Gaps in Brotherly Love: Philadelphia’s Hunger Crisis
Posted by Hunger Free America on December 18, 2017
Hunger increases in region, bucking national trend: report
Although hunger decreased in most of the United States over the last six years due to an improving economy, the number of people who couldn’t afford enough food increased in both the city and metropolitan area of Philadelphia during that time period, according to a new report by Hunger Free America, a nationwide advocacy and direct service organization.
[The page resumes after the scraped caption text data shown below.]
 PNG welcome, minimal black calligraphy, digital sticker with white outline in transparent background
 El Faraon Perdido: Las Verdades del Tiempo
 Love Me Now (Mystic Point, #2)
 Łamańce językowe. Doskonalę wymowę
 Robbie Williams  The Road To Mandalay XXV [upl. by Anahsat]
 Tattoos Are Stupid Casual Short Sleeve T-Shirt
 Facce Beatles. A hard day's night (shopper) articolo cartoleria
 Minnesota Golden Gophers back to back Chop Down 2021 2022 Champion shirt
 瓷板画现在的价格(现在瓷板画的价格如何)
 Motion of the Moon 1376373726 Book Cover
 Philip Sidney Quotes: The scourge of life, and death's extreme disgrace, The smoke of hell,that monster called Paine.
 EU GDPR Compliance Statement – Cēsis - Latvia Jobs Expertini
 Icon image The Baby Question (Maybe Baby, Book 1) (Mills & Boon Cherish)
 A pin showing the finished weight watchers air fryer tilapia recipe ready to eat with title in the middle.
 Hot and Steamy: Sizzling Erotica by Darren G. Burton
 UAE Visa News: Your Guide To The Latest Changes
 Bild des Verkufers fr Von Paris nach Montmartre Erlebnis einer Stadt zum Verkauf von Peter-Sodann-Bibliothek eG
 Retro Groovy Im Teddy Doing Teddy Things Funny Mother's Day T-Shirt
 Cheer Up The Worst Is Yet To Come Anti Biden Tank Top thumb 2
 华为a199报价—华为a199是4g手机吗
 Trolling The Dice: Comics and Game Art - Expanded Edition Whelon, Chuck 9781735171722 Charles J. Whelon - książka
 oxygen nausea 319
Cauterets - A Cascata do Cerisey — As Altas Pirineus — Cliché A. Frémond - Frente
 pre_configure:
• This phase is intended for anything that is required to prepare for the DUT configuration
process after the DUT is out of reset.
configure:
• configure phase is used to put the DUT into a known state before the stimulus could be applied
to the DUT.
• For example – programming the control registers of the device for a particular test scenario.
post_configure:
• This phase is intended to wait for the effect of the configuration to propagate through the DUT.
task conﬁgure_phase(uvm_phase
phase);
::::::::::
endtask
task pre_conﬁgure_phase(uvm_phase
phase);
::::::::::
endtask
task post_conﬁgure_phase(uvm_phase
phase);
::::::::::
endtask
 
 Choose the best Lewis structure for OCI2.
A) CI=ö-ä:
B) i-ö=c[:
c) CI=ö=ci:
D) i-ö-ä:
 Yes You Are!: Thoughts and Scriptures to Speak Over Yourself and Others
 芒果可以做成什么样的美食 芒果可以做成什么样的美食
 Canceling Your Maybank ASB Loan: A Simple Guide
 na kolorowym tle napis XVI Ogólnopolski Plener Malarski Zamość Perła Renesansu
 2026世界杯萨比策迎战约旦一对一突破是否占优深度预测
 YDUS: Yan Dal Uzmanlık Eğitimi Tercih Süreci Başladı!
http://www.hungerfreeamerica.org/media-research/research
The report, based on federal data analyzed by Hunger Free America, found that, in the 2014-2016 time period, 301,781 residents of Philadelphia, 19.3 percent (one in five) of the total population, lived in households that were characterized by the federal government as “food insecure,” meaning they were unable to always afford sufficient food. In contrast, 238,447, or 15.4 percent, of Philadelphians were food insecure in 2011-2013. Furthermore, over that same six year period (2011-2016), according to USDA, the percentage of Americans living in food insecure households dropped from 14.6 percent to 13.0 percent.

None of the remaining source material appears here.